“You’re playing the long game here,” Ms. Green said. “It’s one thing to work into the evening for a few weeks or months, but it’s not sustainable long term. You want to manage your career with an eye toward what you can keep up.”
Where to draw the lines
In the first months of the pandemic, Ms. Green said she heard from many people struggling to separate work life and personal life for the same reason: Everyone at work knows you don’t have anywhere else to be. Whereas before quarantine you could imply a previous commitment, that “out” is off the table.
The solution, according to Ms. Green? “Just start putting the boundaries in place.”
“In a lot of situations you don’t actually need to ask permission,” she said. “People tend to feel like this is a change, and sometimes that’s true, but way more often people realize you can just do it.”
This could mean not answering your phone or email after your workday has ended, or not engaging with a Slack message while you’re taking a 15-minute mental health break during the day. But often, Ms. Green said, “when people just start carving out those boundaries for themselves, they discover it’s fine. Nothing happens, no one even notices.”
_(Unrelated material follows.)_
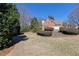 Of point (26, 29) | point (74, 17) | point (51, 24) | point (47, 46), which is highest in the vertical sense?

Of course, that doesn’t work for every job or company, so if you’re nervous about creating those boundaries, have a conversation with your manager, Ms. Green said. Tell them you want to create a schedule that’s sustainable — and healthy. And even if you bump against resistance in that conversation, at least you had the talk. “Now that we’ve brought to the surface what the expectations are, I can decide, ‘Do I really want this job under these conditions?’”
Also realize, Ms. Harts said, that the identity you choose to bring to work won’t always match with your co-workers.